WORK TASK: Your answer must be an exact copy of the data, without any pictures.

Image-caption web data
▼

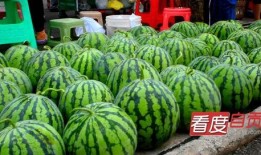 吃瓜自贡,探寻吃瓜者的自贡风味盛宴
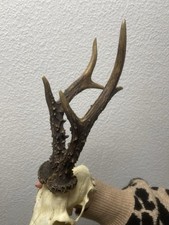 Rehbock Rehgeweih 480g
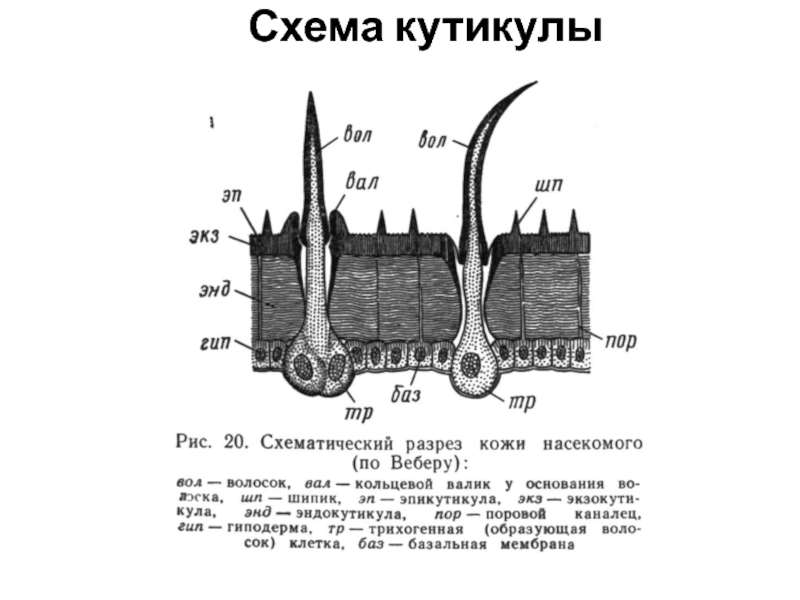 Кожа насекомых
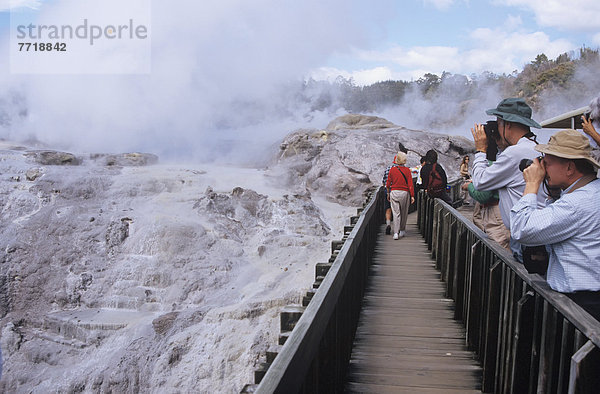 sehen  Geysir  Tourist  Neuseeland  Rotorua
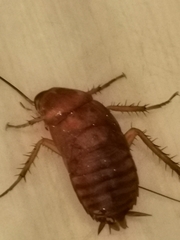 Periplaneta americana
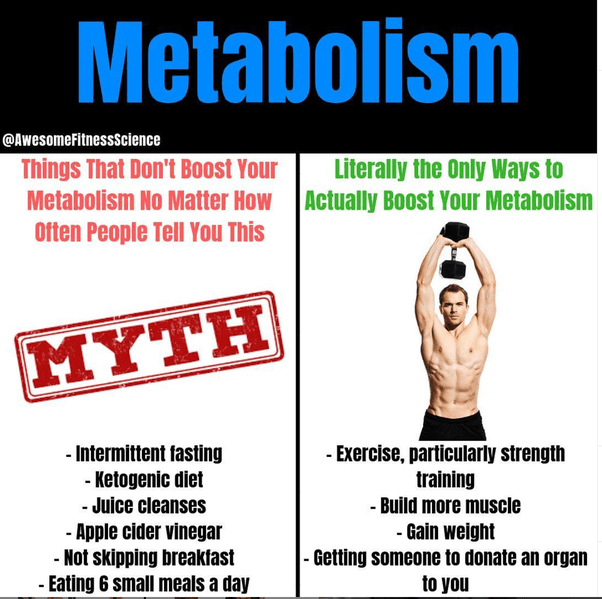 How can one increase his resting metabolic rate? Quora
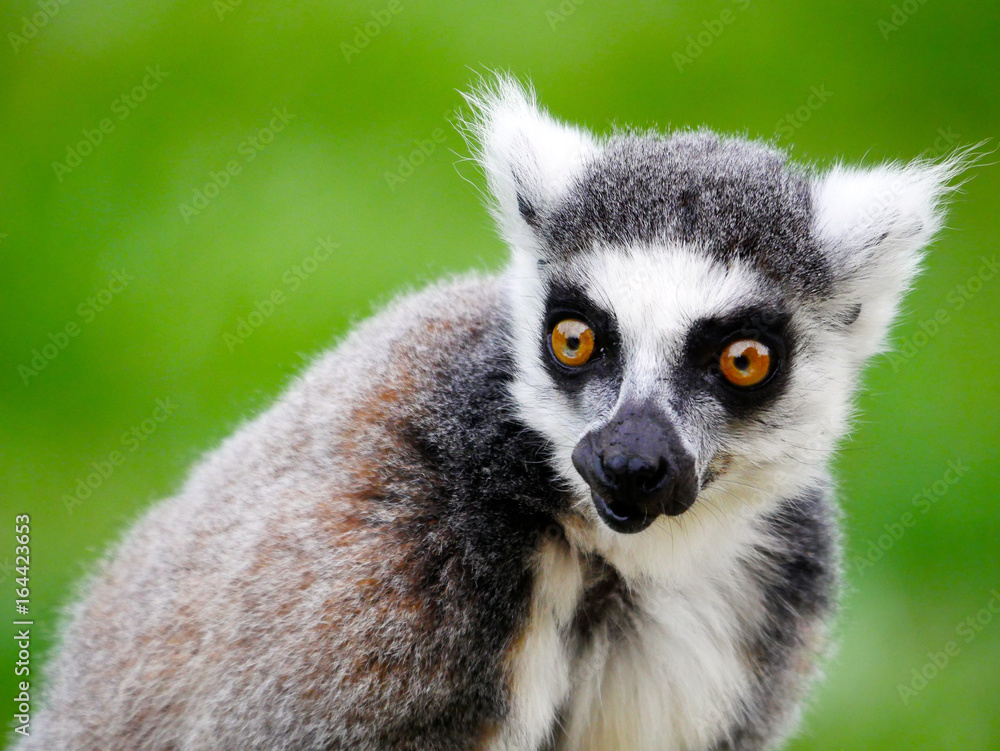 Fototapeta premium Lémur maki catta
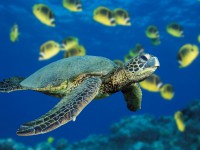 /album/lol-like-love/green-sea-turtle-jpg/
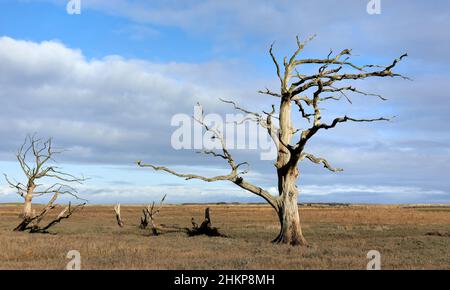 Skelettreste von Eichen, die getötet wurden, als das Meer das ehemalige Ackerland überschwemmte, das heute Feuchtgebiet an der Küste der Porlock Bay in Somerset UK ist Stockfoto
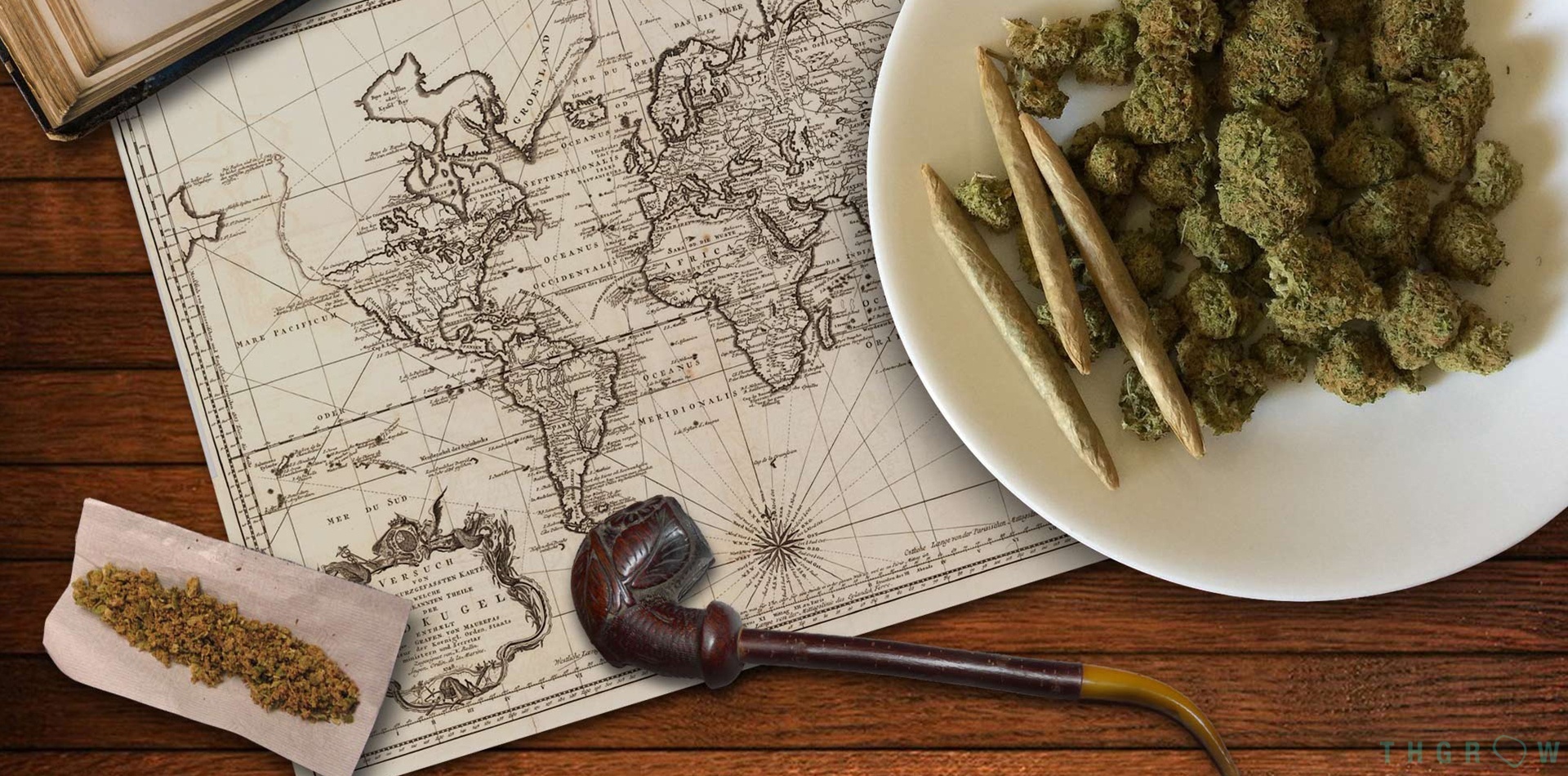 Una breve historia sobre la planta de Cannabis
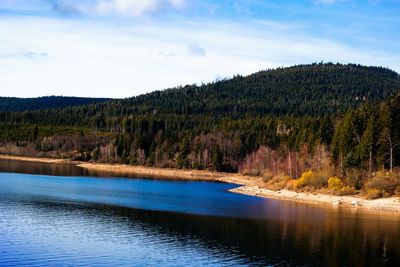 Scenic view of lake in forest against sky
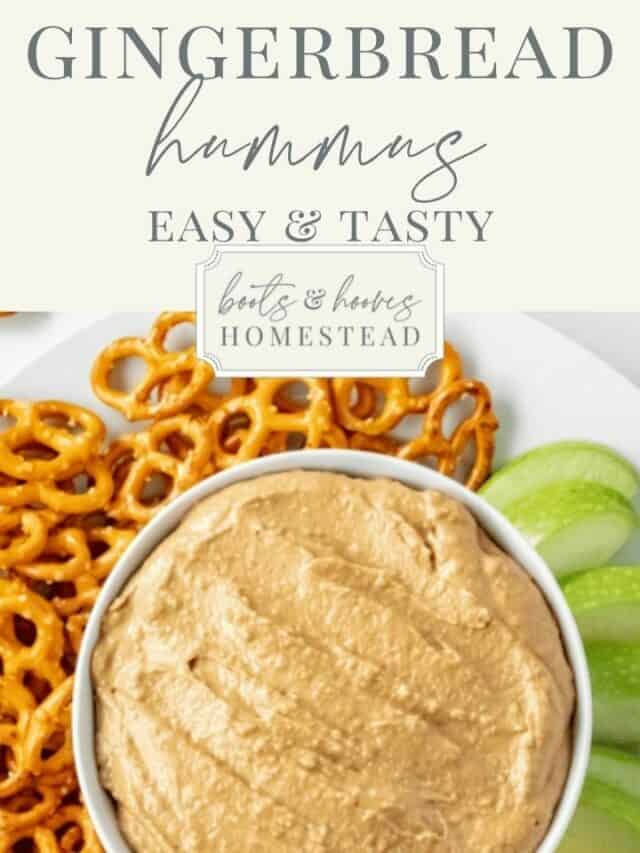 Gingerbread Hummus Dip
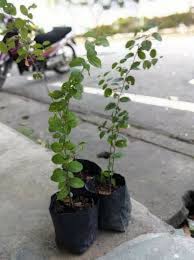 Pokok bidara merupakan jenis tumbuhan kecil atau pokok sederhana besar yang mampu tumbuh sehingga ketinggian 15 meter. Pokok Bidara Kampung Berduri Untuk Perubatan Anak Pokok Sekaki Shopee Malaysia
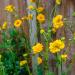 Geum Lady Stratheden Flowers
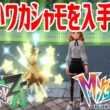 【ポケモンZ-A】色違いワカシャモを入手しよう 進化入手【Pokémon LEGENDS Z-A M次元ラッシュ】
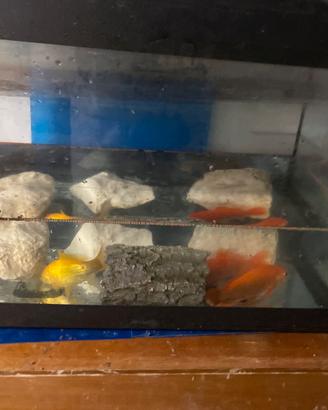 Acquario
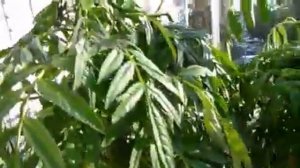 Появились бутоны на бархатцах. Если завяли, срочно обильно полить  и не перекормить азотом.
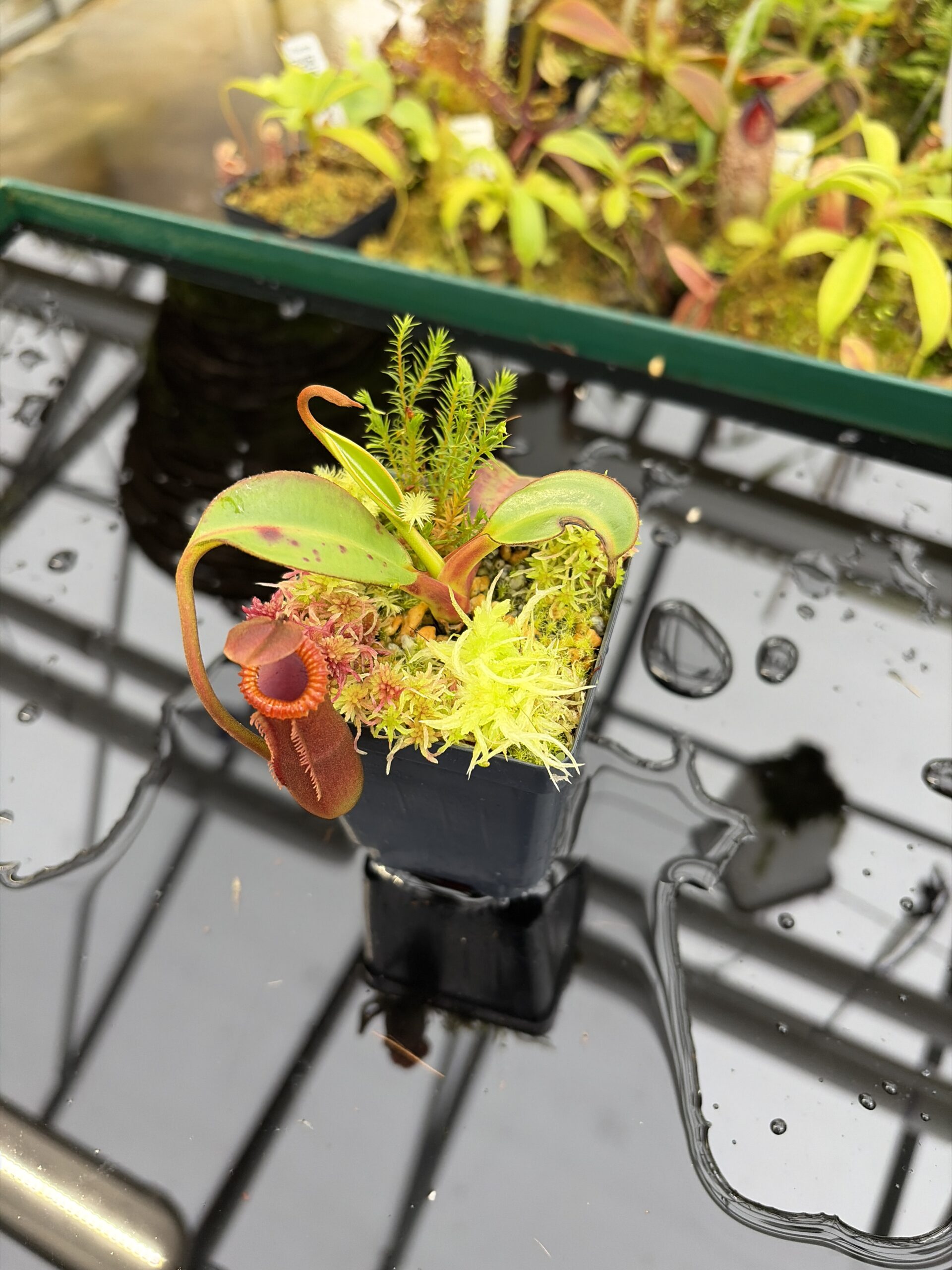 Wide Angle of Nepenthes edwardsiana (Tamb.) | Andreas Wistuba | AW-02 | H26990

▲

TASK RESULT:
 吃瓜自贡,探寻吃瓜者的自贡风味盛宴
 Rehbock Rehgeweih 480g
 Кожа насекомых
 sehen  Geysir  Tourist  Neuseeland  Rotorua
 Periplaneta americana
 How can one increase his resting metabolic rate? Quora
 Fototapeta premium Lémur maki catta
 /album/lol-like-love/green-sea-turtle-jpg/
 Skelettreste von Eichen, die getötet wurden, als das Meer das ehemalige Ackerland überschwemmte, das heute Feuchtgebiet an der Küste der Porlock Bay in Somerset UK ist Stockfoto
 Una breve historia sobre la planta de Cannabis
 Scenic view of lake in forest against sky
 Gingerbread Hummus Dip
 Pokok bidara merupakan jenis tumbuhan kecil atau pokok sederhana besar yang mampu tumbuh sehingga ketinggian 15 meter. Pokok Bidara Kampung Berduri Untuk Perubatan Anak Pokok Sekaki Shopee Malaysia
 Geum Lady Stratheden Flowers
 【ポケモンZ-A】色違いワカシャモを入手しよう 進化入手【Pokémon LEGENDS Z-A M次元ラッシュ】
 Acquario
 Появились бутоны на бархатцах. Если завяли, срочно обильно полить  и не перекормить азотом.
 Wide Angle of Nepenthes edwardsiana (Tamb.) | Andreas Wistuba | AW-02 | H26990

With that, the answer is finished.